By Robert J. Sternberg

MAY 26, 2015


Over the course of my career, I’ve given and received a lot of advice. Much of it was wrong. Sometimes it lacked the perspective that comes with age and experience. So now, as an official “oldster” at 65 (proof: thanks to my age, I just got $25 off upon joining a botanical society), I offer the following advice, from someone who has thought and written about academic careers for 40 years.


Put your family first. Academics often have trouble doing that. I know I did. Starting out in academe at age 25, I had so many career issues to worry about — getting hired, getting publications, getting grants, getting promoted, getting tenured, getting promoted again, getting (I hoped) awards. The crucial word there is “getting.”
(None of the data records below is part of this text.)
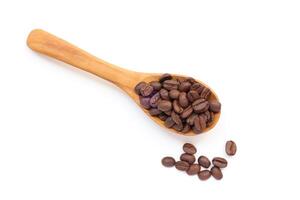 coffee beans in a wooden spoon on a white background photo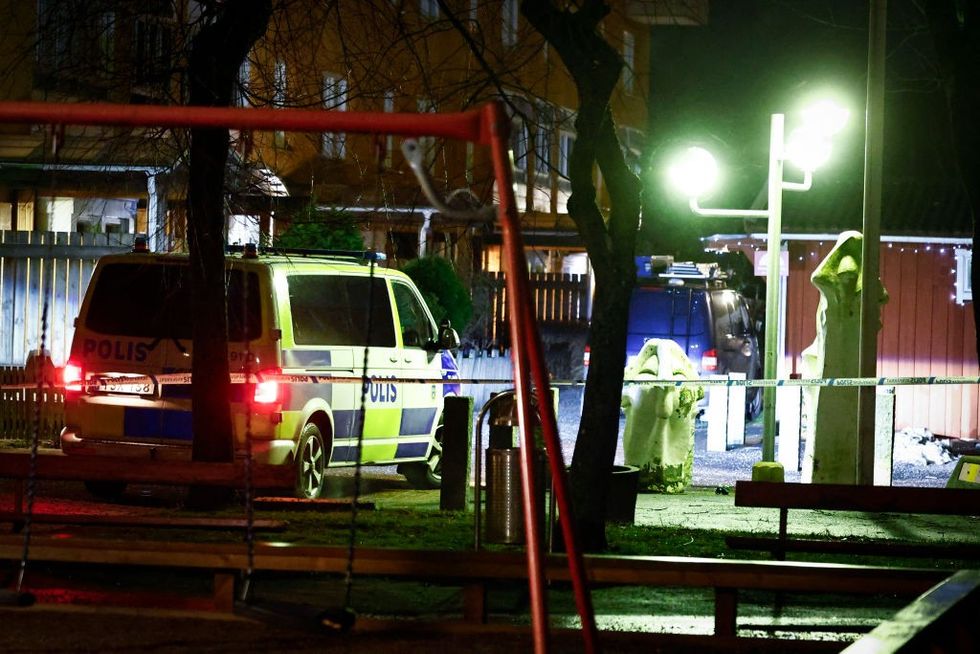 u200bPolice is seen at a crime scene in an apartment block in Soedertaelje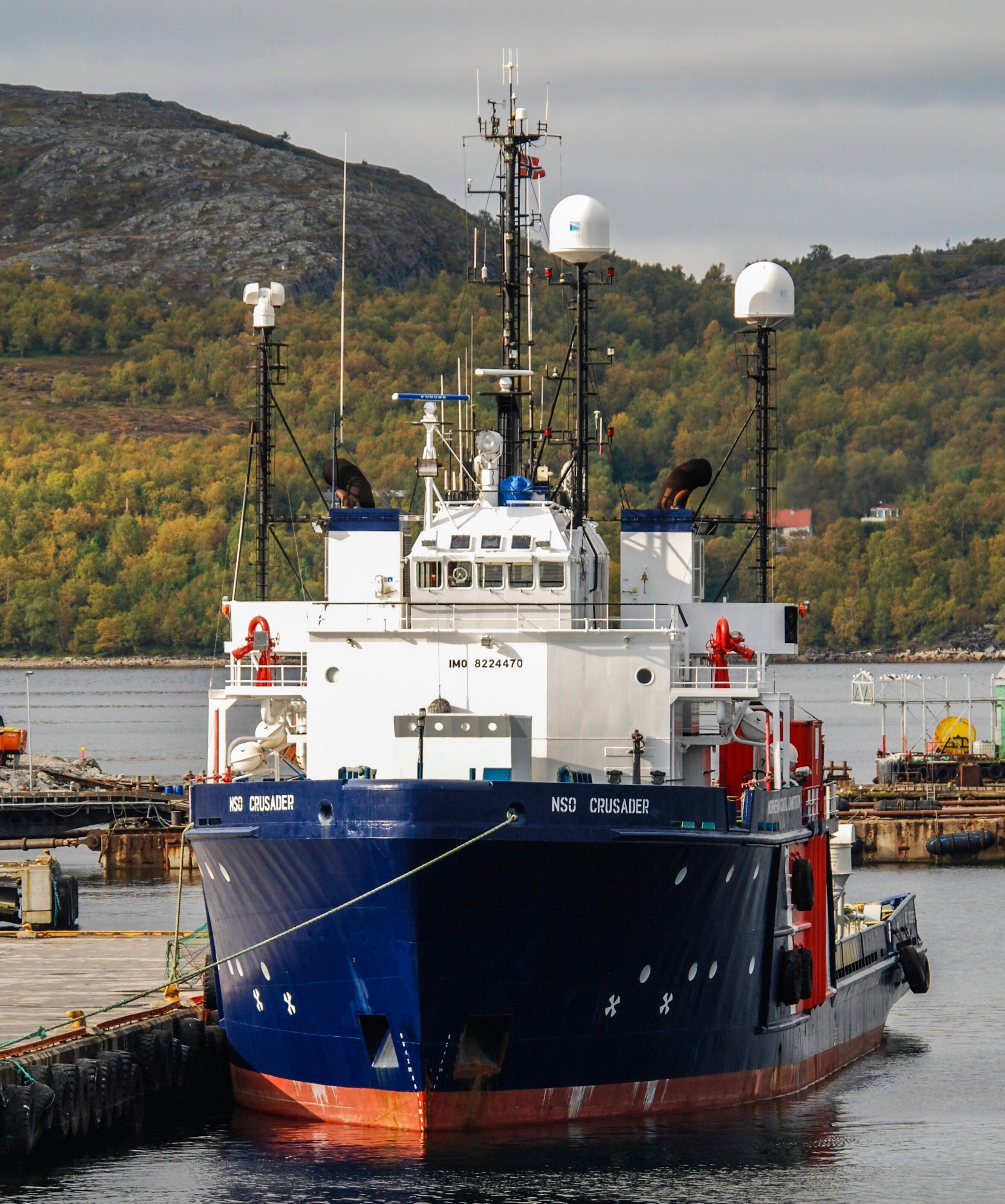 a large blue and white boat in a body of water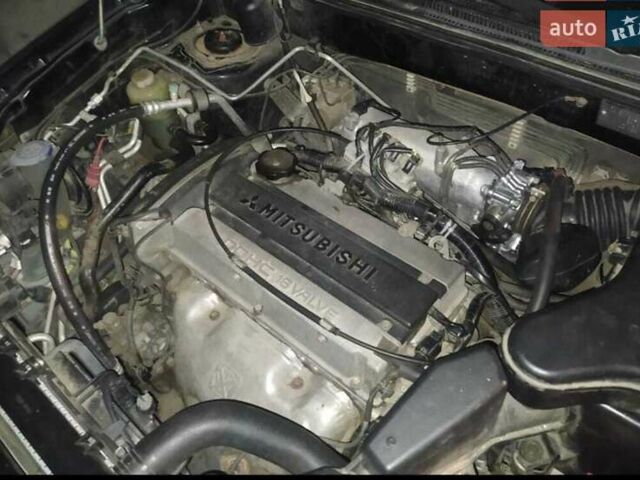 Черный Мицубиси Аутлендер, объемом двигателя 2 л и пробегом 263 тыс. км за 6900 $, фото 4 на Automoto.ua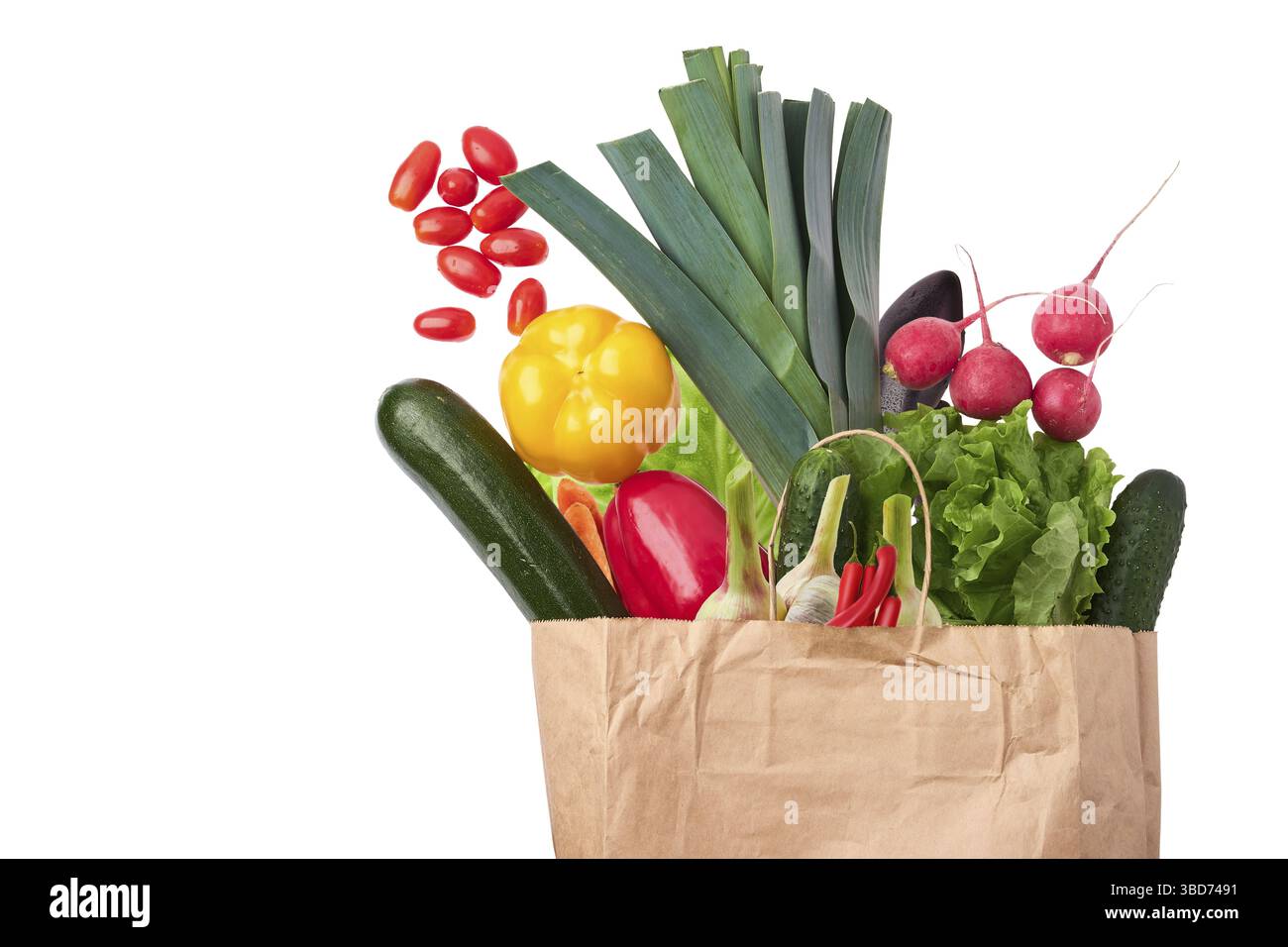 Paper bag with fresh vegetables isolated on white background Stock Photo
Like many academics, I was more concerned about getting than about giving, and giving to my family always seemed as if it could wait another day. The trouble is, the family really can’t wait. Intimate relationships can grow rusty, and children just grow up. I’m lucky that my kids — so far! — have turned out well. But I’ve seen many academics wait too long to attend to their family relationships, only to discover there’s not much of their relationships left.


You can’t count on your publications and awards to take care of you. You need your family now, and you’ll need them more later. More important, they need you now.


Make your health a close second. When you are in your 20s and 30s, you often can get away with not eating well or exercising enough. In those years, your not-so-great health habits may not show themselves in any tangible way. But they will show, probably starting in your 40s, and certainly by your 50s. And then you’ll be well on your way to the “I should have taken care of myself sooner” phase.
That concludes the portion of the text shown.